Can we access entire 1GB on new GTX's?

I had a question about the GTX 280 -
Can we access the entire 1GB global memory space on the card?
Or is it like the 9800 GX2 where you have the memory available but are limited in using it?

I understand that the 9800 had in fact 2 independent cards and hence the 512 MB per GPU allocation.
I just want to make sure that there is nothing like that in case of the 280 (or the 260 either) that I should be aware of before beginning to use them. I do not want to hit a wall half-way through - all because I chose the wrong hardware.

Clarifications from nvidia folks appreciated!

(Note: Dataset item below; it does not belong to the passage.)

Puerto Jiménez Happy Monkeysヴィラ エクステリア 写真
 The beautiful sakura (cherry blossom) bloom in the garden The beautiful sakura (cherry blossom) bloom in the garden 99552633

There are 2 devices supporting CUDA

Device 0: "GeForce GTX 280"

  Major revision number:                         1

  Minor revision number:                         3

  Total amount of global memory:                 1073020928 bytes

  Number of multiprocessors:                     30

  Number of cores:                               240

  Total amount of constant memory:               65536 bytes

  Total amount of shared memory per block:       16384 bytes

  Total number of registers available per block: 16384

  Warp size:                                     32

  Maximum number of threads per block:           512

  Maximum sizes of each dimension of a block:    512 x 512 x 64

  Maximum sizes of each dimension of a grid:     65535 x 65535 x 1

  Maximum memory pitch:                          262144 bytes

  Texture alignment:                             256 bytes

  Clock rate:                                    1.30 GHz

  Concurrent copy and execution:                 Yes

As with all CUDA cards, you may not be able to allocate all of that 1 GiB, though. Usually, there is 50 MiB of unallocatable space: more if you run a compositing window manager.

Thanks MisterAnderson42 for the quick reply!

Any thing I need to know before I fire it up?
I am currently using the 8800 GTX and according to what I understand, I should be able to use the new 280 just like that but with larger data-sets?
The 512 MB on the 8800 limits me substantially. So am planning to make atleast some progress with the 280 that doubles the available space. I am planning to go to the Tesla C1060 maybe after a few months 9as budget allows).

Any comments/hints welcome.

I have successfully allocated >= 1000000000 bytes on a card that is not attached to a display (don’t remember the exact number). However you have to be aware that kernels and potentially execution parameters will need some of the memory to be stored on the card.

Yep. That is what is great about CUDA: any app scales to more processors without any problems or code modifications.

[DISCLAIMER] Replace ‘any app’ with ‘a normal app with enough blocks’ [/DISCLAIMER]

Because I have seen some code floating around on the forums that would not scale ;)

True. But only if one expects the performance to scale as well :)